Taking place across two spaces at Ca’ Rezzonico Gallery, the experience is quite breathtaking. The first gallery focuses on visual art and showcases original works by beloved and well-known names in the art world—from Marina Abramović to Antony Gormley, Nathalie Djurberg and Olafur Eliasson.
Marina Abramović’s avatar is the protagonist of her installation, which was produced by London-based Acute Art. The piece Rising refers to sea levels and offers the opportunity to emotionally experience the effects of the climate emergency. After putting on an Oculus visor, the visitor is immersed in a sort of warehouse in the center of which is a glass box. Inside we see Abramović and as we approach her, the box slowly fills with water.
If the viewer tries to reach out and touch her, they are transported to a platform in the middle of the sea, next to mountains of ice, in the midst of a terrible storm—wind blows and icebergs collapse all around.
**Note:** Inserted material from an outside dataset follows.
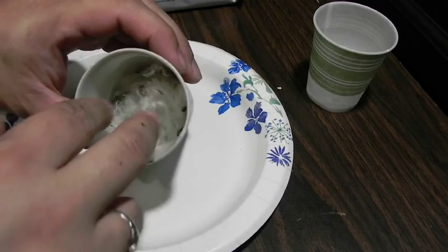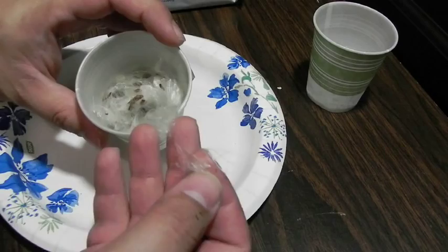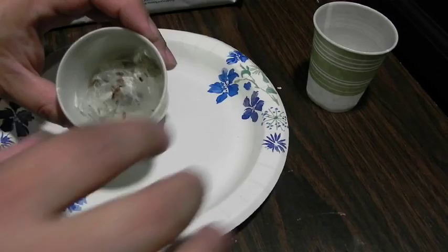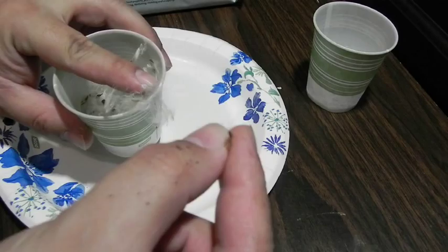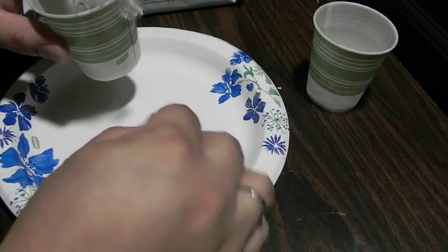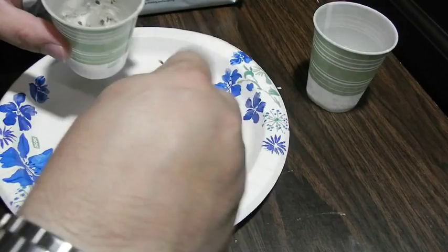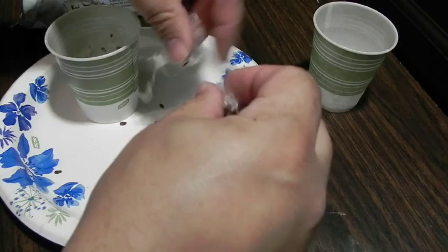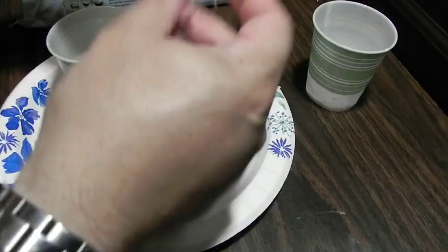The first thing we're going to need to do is separate our seeds. These white tufty parts aren't actually part of the seed — these are the bits that allow it to float around and reseed itself. So we want to remove these as best as we can. It's not necessary to get them all out, but what we're looking for is these little brown pieces here. These are the actual seeds. Go ahead and brush out as many of those as you can and get them into the plate.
Then, they’re back at the beginning, where Abramović is drowning, but the viewer is helpless. From a technical point of view, the video feels a little rigid, but the message is strong and the artistic content is so effective that it makes viewers forget the limits of the medium.
Lunatick by artist Antony Gormley and astrophysicist Priyamvada Natarajan is a different kind of journey. Beginning on a deserted island, it takes the viewer to space and it ends on the sun. The experience is realized using computer graphics combined with real data and images from NASA. Gormley turns sculptural solidity into lightweight poetry, and this experience is dizzying.
Artist Nathalie Djurberg and musician Hans Berg joined forces for It Will End in Stars, which feels like a dream that becomes a nightmare—a Kafka-esque fairytale in black and white with flashes of acidic colors. On the contrary, Olafur Eliasson’s “Rainbow” is an ethereal walk under a virtual waterfall. After so many strong emotions, is a soothing moment for the senses.
The second gallery focuses on VR cinema and showcases works produced by Felix & Paul Studios. Four 20-minute videos explore the future of entertainment and documentary using real footage rather than computer graphics. Both Space Explorers: Taking Flight and Space Explorers: A New Dawn are spectacular. The two videos are teasers for an upcoming series that will take the visitors to the International Space Station (ISS), where the producers have been placing cameras for more than two years.
The most touching and emotionally intense experience is Roger Ross Williams and Ayesha Nadarajah’s Traveling While Black which we saw at Sundance earlier this year. It takes place at Ben’s Chili Bowl, a Washington diner that was included in the Green Book—the annual guide for African American travelers that was published from 1936 to 1966. The viewer sits with travelers, some of them activists, and witnesses their stories. A deeply moving experience, it’s one not to miss.
The Theatre of Virtuality is on now through 28 October at Ca’ Rezzonico Gallery (next to the Ca’ Rezzonico Museum, Dorsoduro 2793 and 2793A, Venice). On 29 October, the Phi Centre in Montreal will open Cadavre Exquis, a new exhibit focused on exploring, once again, how VR and art can unite to help us imagine the future.